EXERCISE >> The answer must be only the lines below from the one holding "4*4mm Princess Cut" down to the one holding "AimeeHouse - Trích Sài", ends included, printed exactly; please omit all pictures.

Image-caption web data:
**********
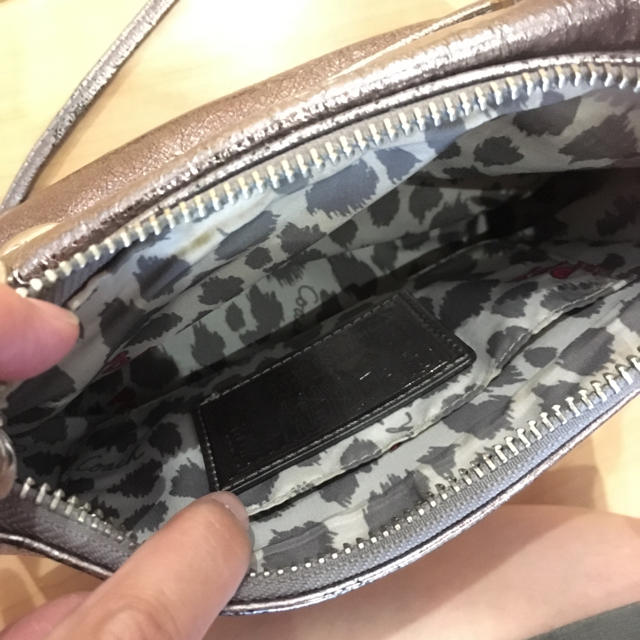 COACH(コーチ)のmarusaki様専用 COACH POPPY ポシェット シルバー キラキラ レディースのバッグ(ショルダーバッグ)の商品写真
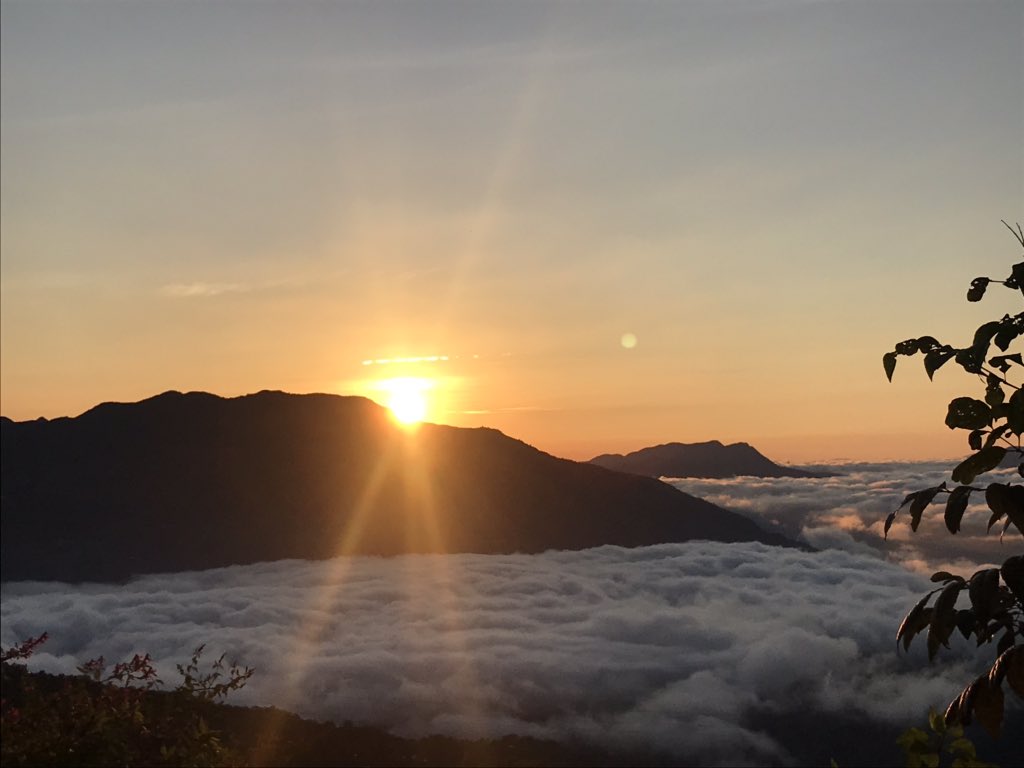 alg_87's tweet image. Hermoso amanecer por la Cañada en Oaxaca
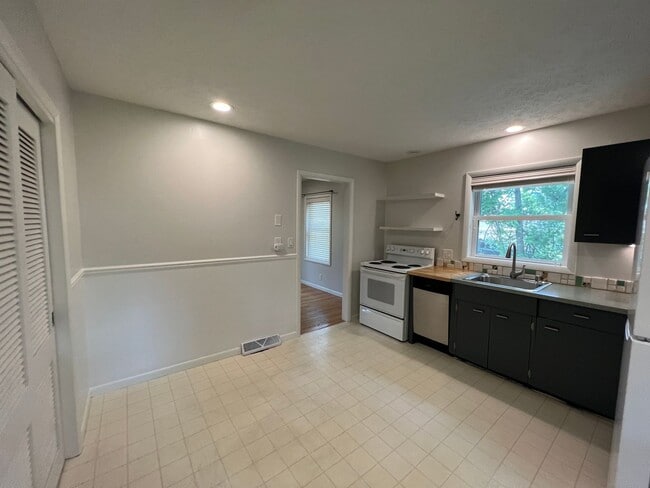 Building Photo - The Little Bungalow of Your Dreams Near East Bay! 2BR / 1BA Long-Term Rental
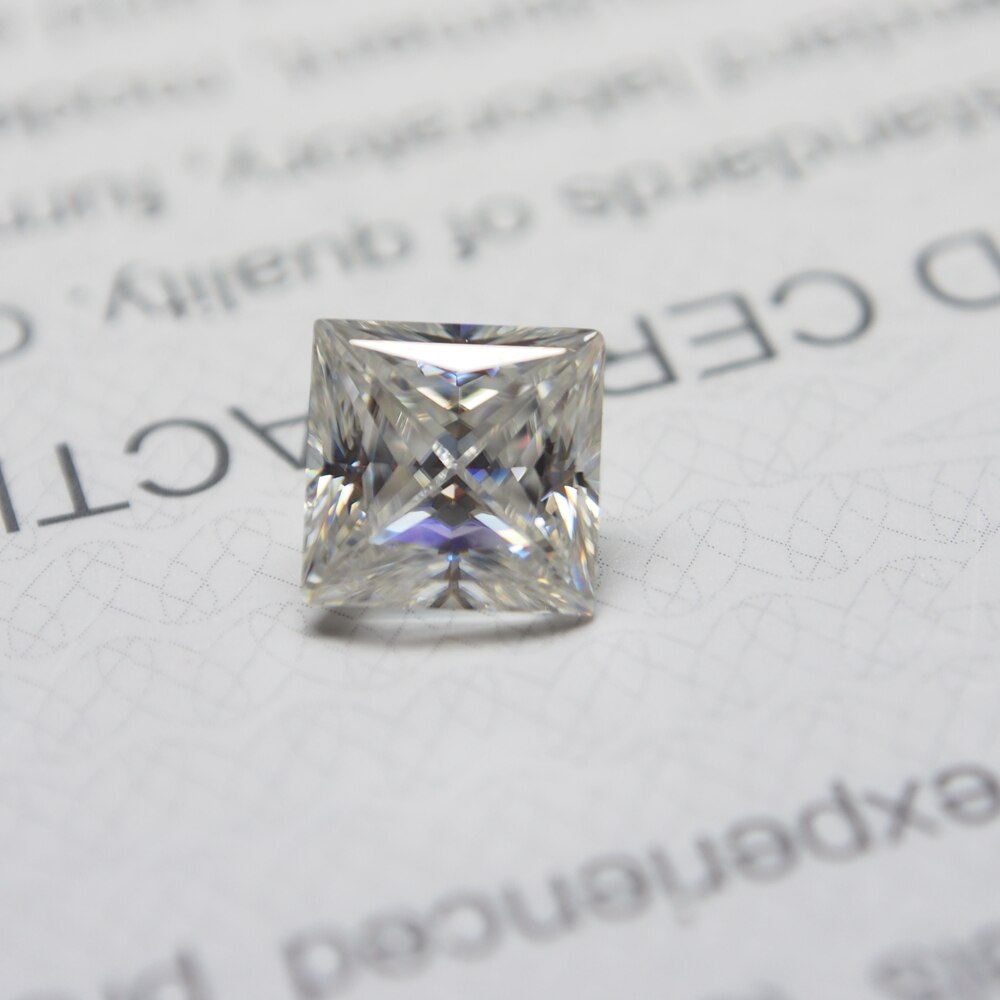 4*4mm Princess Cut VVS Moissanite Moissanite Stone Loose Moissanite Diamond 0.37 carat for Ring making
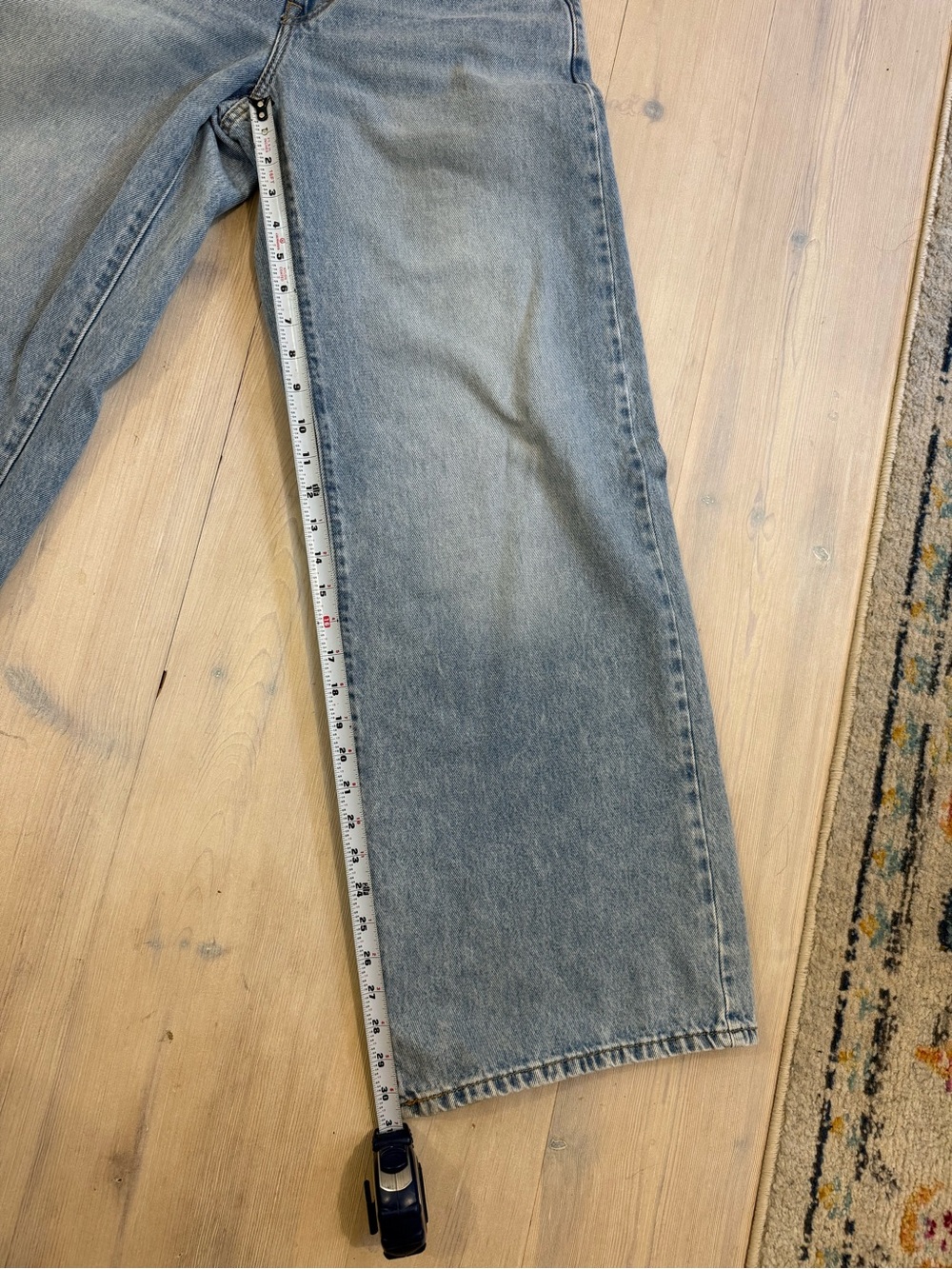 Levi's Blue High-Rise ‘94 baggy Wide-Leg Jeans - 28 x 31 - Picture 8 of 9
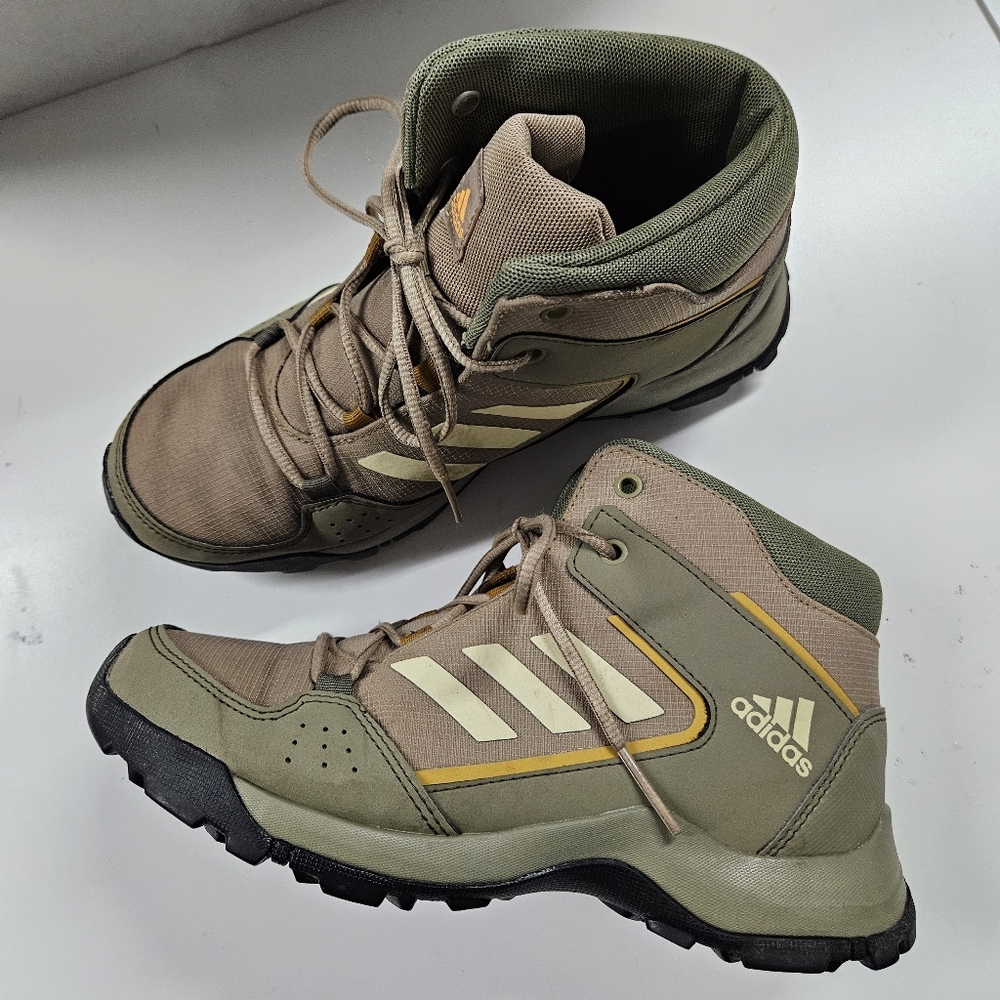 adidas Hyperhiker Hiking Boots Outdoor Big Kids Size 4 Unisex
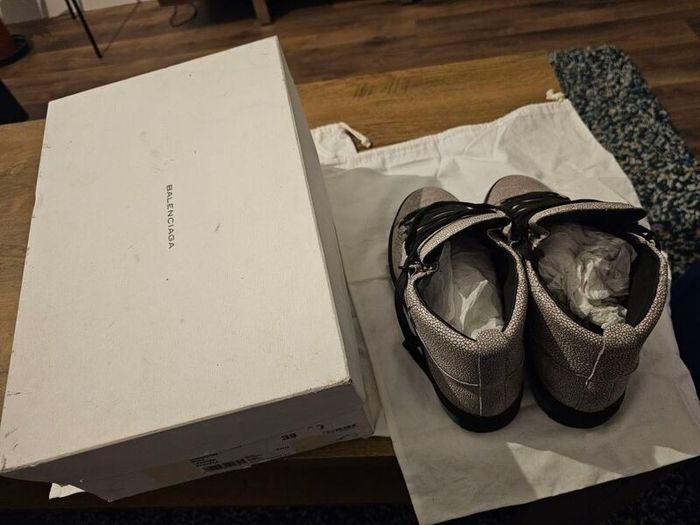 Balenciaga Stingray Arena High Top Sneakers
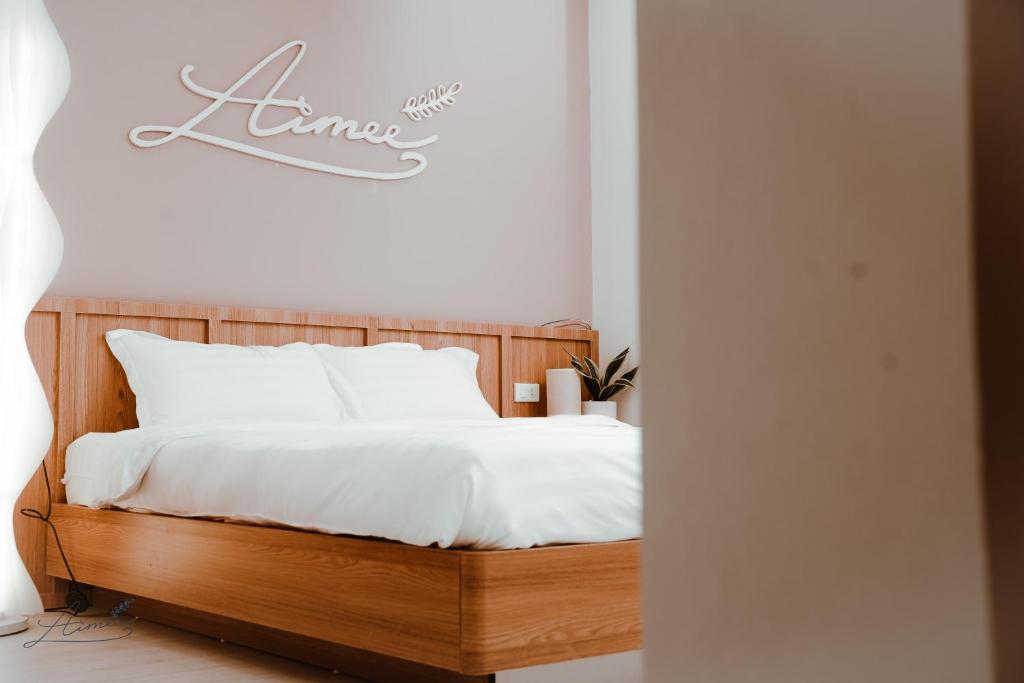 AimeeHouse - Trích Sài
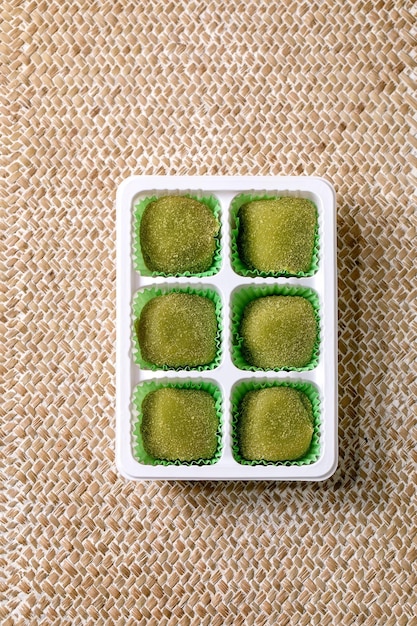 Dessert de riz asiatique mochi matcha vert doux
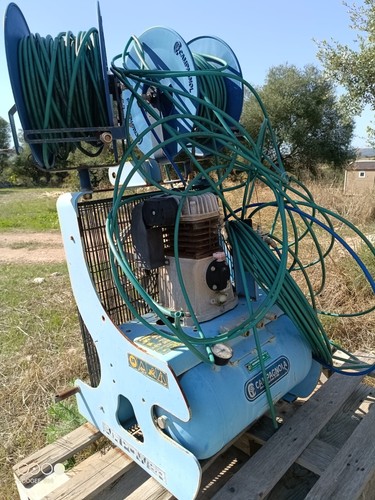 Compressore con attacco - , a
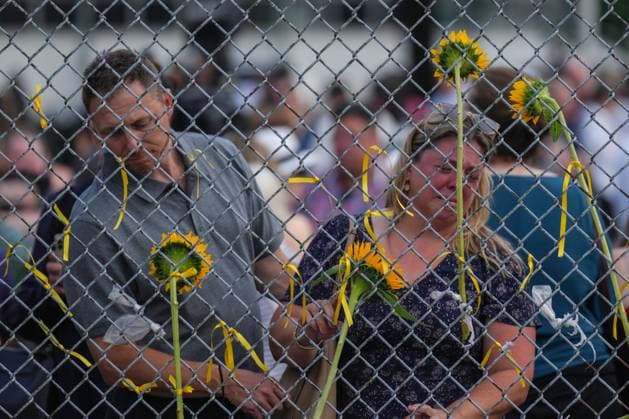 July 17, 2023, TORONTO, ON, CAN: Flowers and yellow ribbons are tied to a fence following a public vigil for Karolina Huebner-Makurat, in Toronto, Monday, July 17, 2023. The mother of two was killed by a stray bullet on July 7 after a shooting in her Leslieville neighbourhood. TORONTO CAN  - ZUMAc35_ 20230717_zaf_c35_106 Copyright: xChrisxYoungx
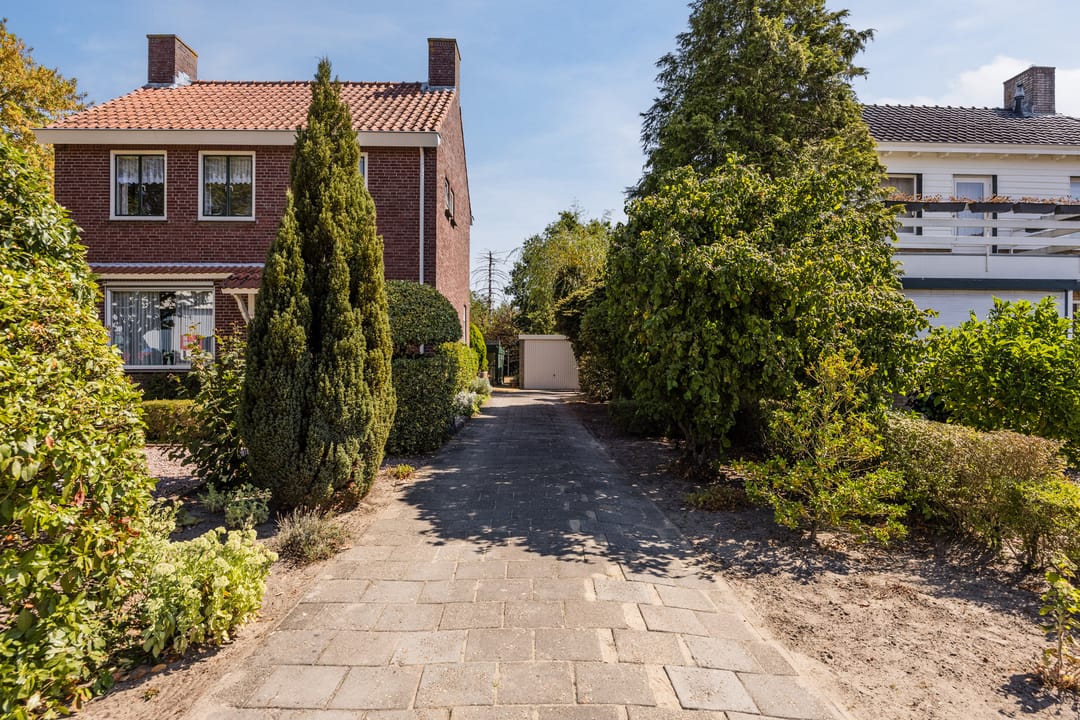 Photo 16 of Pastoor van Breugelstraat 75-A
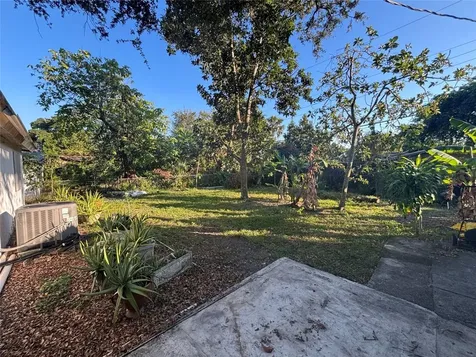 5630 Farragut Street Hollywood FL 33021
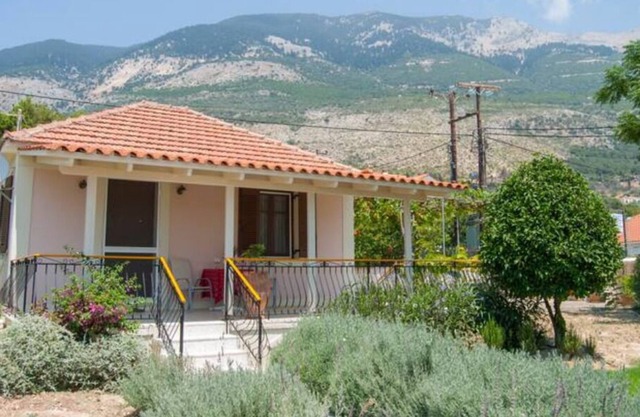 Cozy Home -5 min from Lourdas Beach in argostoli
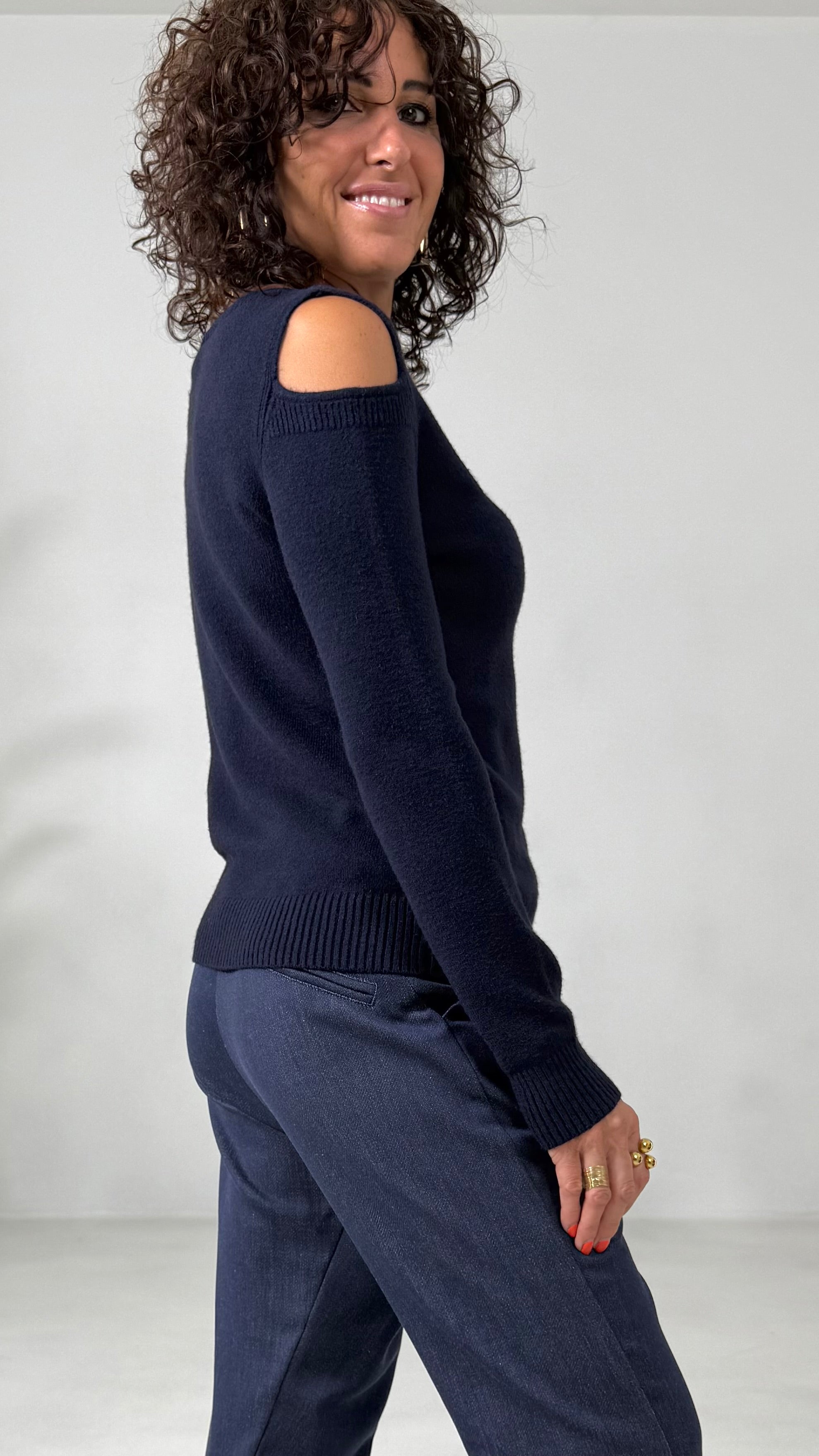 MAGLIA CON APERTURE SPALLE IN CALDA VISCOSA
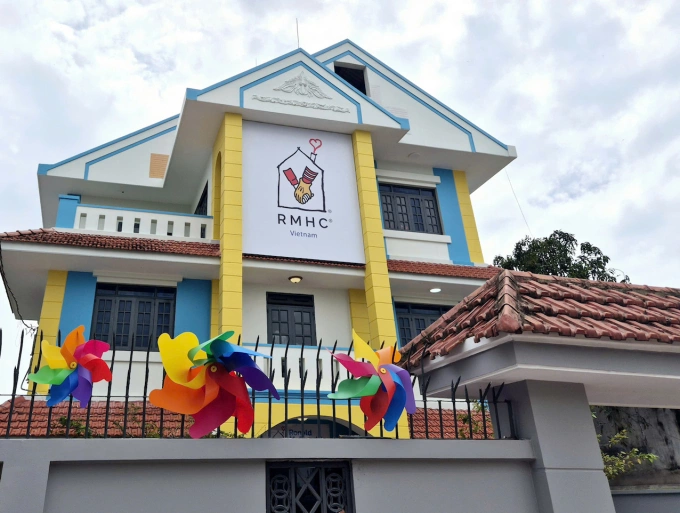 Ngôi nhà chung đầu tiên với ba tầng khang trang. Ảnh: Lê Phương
**********
WRITTEN ANSWER >>
 4*4mm Princess Cut VVS Moissanite Moissanite Stone Loose Moissanite Diamond 0.37 carat for Ring making
 Levi's Blue High-Rise ‘94 baggy Wide-Leg Jeans - 28 x 31 - Picture 8 of 9
 adidas Hyperhiker Hiking Boots Outdoor Big Kids Size 4 Unisex
 Balenciaga Stingray Arena High Top Sneakers
 AimeeHouse - Trích Sài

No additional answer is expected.